ASSIGNMENT: Give the listing again in full and exactly, apart from its pictures.

== STORED DATA ==

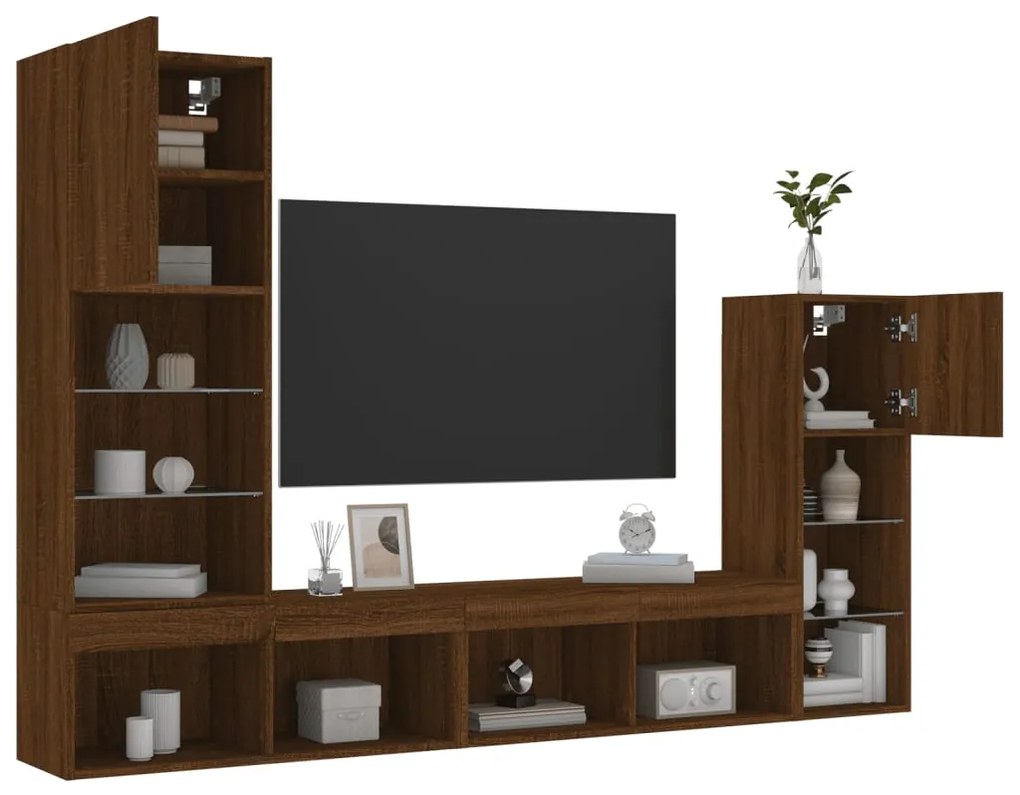 vidaXL 4 pcs móveis parede TV c/ LEDs deriv. madeira carvalho castanho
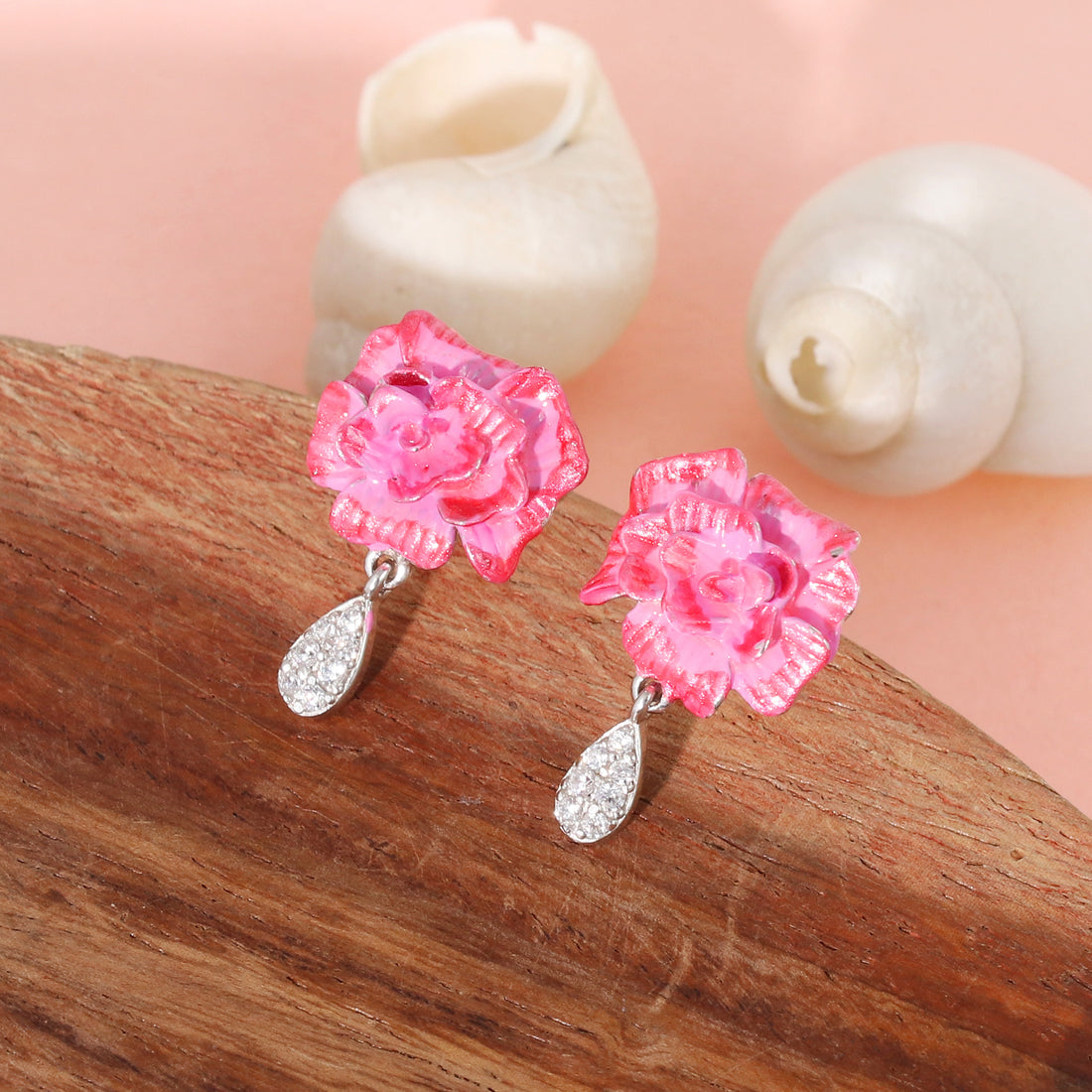 Silver  Rosé Bloom Drop Earrings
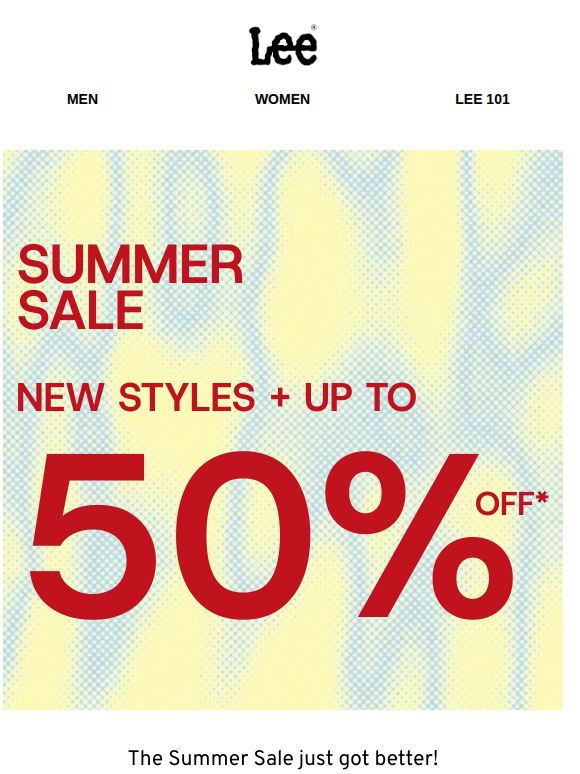SUMMER SALE : New Styles + Up to 50% Off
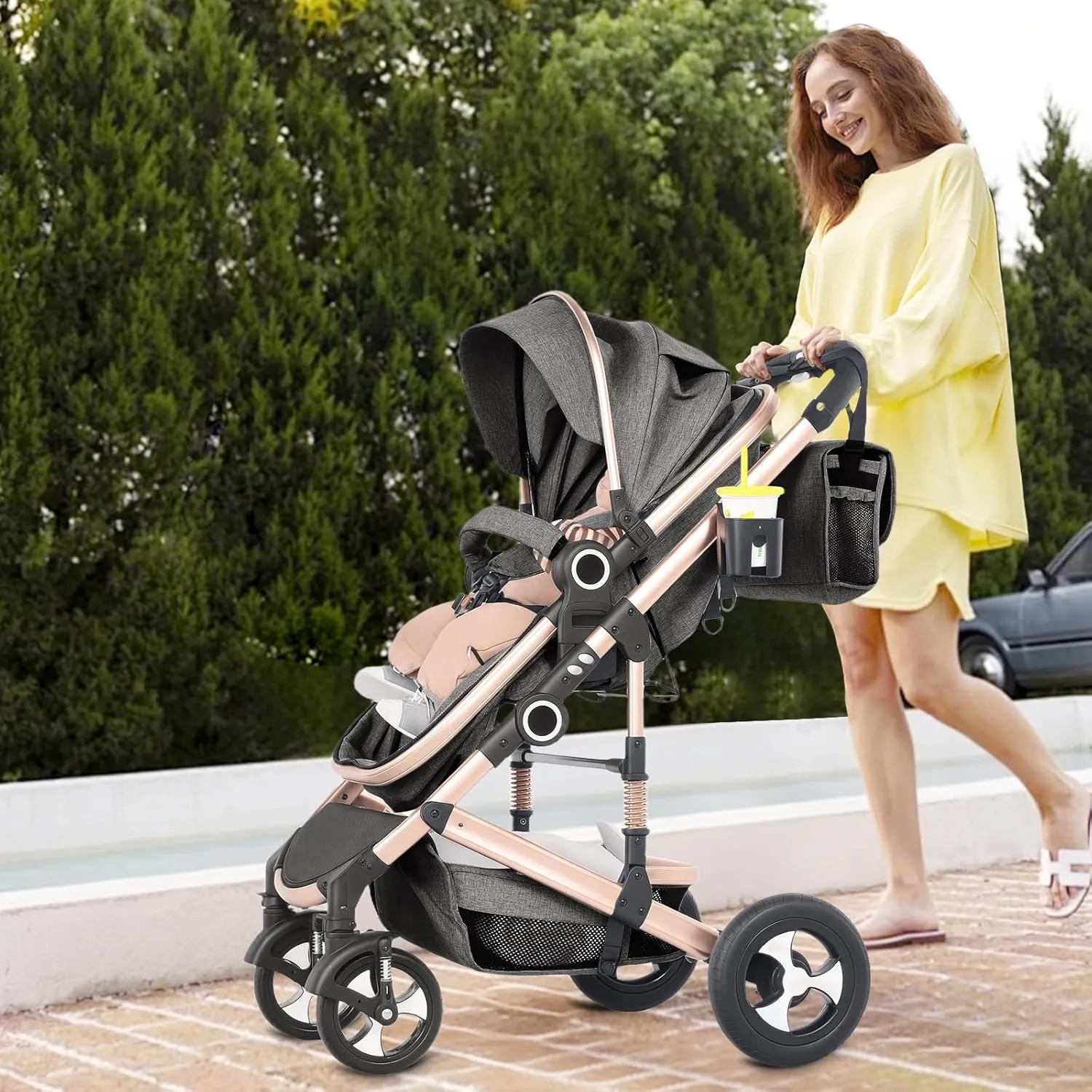 Convertible Baby Stroller, 3 in 1 Folding Infant Stroller, High Landscape Pushchair w/Adjustable Backrest & Canopy, Newborn Bassinet Pram with Foot Cover, Storage Basket, Grey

===

OUTPUT BELOW:
 vidaXL 4 pcs móveis parede TV c/ LEDs deriv. madeira carvalho castanho
 Silver  Rosé Bloom Drop Earrings
SUMMER SALE : New Styles + Up to 50% Off
 Convertible Baby Stroller, 3 in 1 Folding Infant Stroller, High Landscape Pushchair w/Adjustable Backrest & Canopy, Newborn Bassinet Pram with Foot Cover, Storage Basket, Grey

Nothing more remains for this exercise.